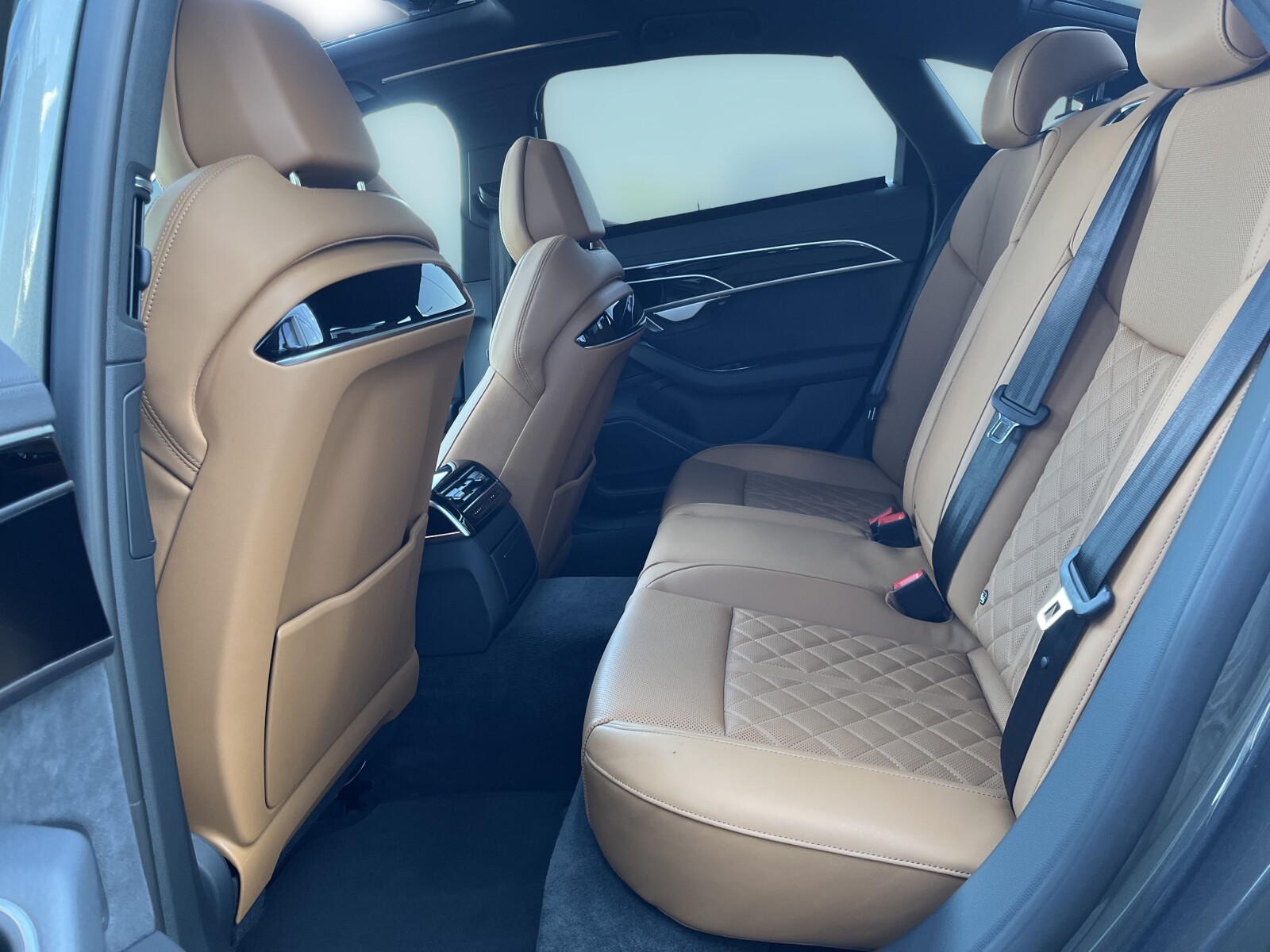 Audi A8 - zdjęcie 15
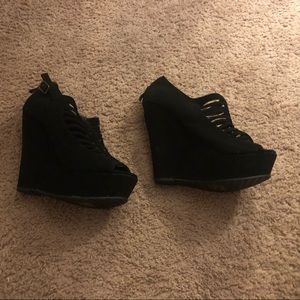 Delicacy black wedges size 8 woman’s
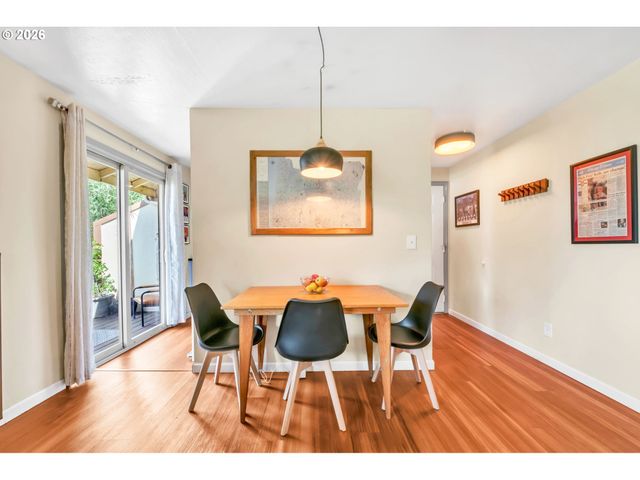 1255 CITY VIEW St, Eugene, OR 97402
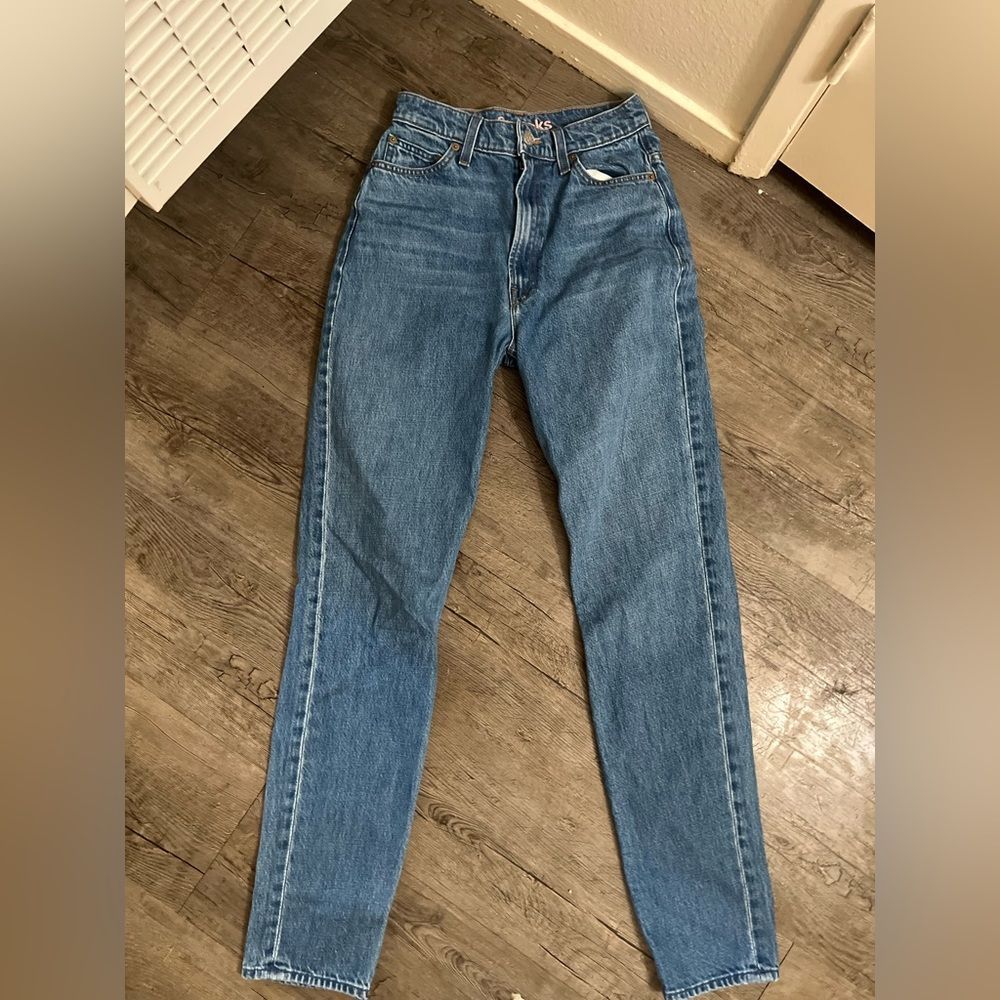 NWOT MOTHER denim SNACKS! Skimp Jean mom Jean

======

◆ WHAT YOU ARE ASKED TO DO ◆
What is needed is an exact copy of every line from the one with "1255 CITY VIEW St, Eugene, OR 97402" to the end of the listing above, with the pictures left out.

◆ EXPECTED ANSWER ◆
 1255 CITY VIEW St, Eugene, OR 97402
 NWOT MOTHER denim SNACKS! Skimp Jean mom Jean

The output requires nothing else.